Straight-through processing (STP) has been a vision and a goal for finance operations for decades, particularly for high-volume transactional processes like accounts payable invoice processing. STP allows invoices to be received, reviewed and approved without manual effort to key in data, route it for approval and create ERP transactions. In the past, where it was even applicable, STP was only achievable and practical for large companies with a low volume of exceptions to their business rules.
For businesses that historically experience a high volume of exceptions due to errors or non-standard processes, the burden falls on the AP staff to manually process everything—which ironically, produces more errors and exceptions due to process gaps and the inherent unreliability of manually transferring information from a document to a database by relying on a keyboard and mouse.
Process bottlenecks related to these tedious, manual processes account for the largest pain points for AP teams, according to a recent IDT survey, which found that 76 percent of professionals cited manual data entry and document handling, plus invoice process exceptions as major obstacles.
Today, however, the challenges of the past have been addressed by two significant innovations: machine learning and integration as a service platforms.
Machine learning technology has allowed companies to address the problem of process exceptions in a new way that doesn’t feel uncomfortable or disruptive to process owners. Considering that it is usually a cultural shift or a required behavioral change that undermines process changes, this is huge. Here’s the difference. In the past, if a company was able to address exceptions discovered in a given process workflow, they had two options. One was to change/modify the business rules to accommodate the exception. When that was possible, it required coding or intervention from IT. This often proved to be too costly or too complex over time. The other option was simply to identify and flag exceptions, which were then routed to human operators for handling (back to the same old problem). Machine learning systems applied to processes like AP invoice handling, flags exceptions for humans to handle. But it only asks them to do so ONCE. Systems like Artsyl’s docAlpha intelligent process automation platform, records and learns from that human intervention, automatically updating its knowledgebase and modifying its algorithm so it can handle the same exception on its own next time. So, no more need to change code, modify business rules or involve IT.
Integration Platforms as a Service (IPAAS) is a new approach to systems integration that results in far more flexible and adaptable communications between platforms like intelligent process automation systems and ERP or CRM systems. The big different is that upgrading or modifying one system doesn’t break the integration. And changing/modifying it (wait or it) doesn’t require complex coding or even significant IT involvement.

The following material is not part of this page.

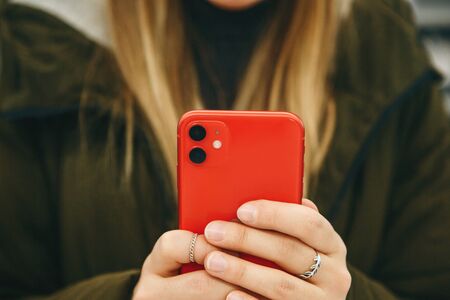 The girl uses a new cell phone with a dual camera.の写真素材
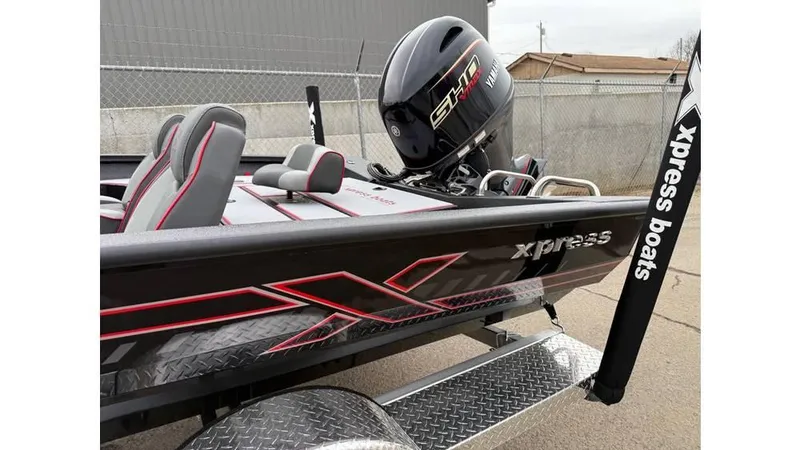 Slide: The Image of 2025 Xpress H18 boat with Yamaha engine, featuring sleek design and modern seating. - 11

As a result, intelligent process automation systems can automatically cross-check records in these systems to ensure accuracy. Find an exception? You may have to bug a human. But far less often than the old way of doing things. And over time, that intervention diminishes. More flexible, intelligent integration means that today’s systems can more reliably ingest an invoice or sales order, extract the right information for routing or matching, validate that information against other systems, secure coding/approvals from human stakeholders and then automatically create the appropriate approved transaction records in the ERP/ECM/other system.
With these new tools and technologies available, affordable and easy to implement, STP can become the rule rather than the exception, and the era of hands free ERP may not finally be upon us.
In our opinion, it’s about time. You don’t hire accounting team members to do manual labor. Let the robots do the heavy lifting. And let your team free their minds for more valuable work.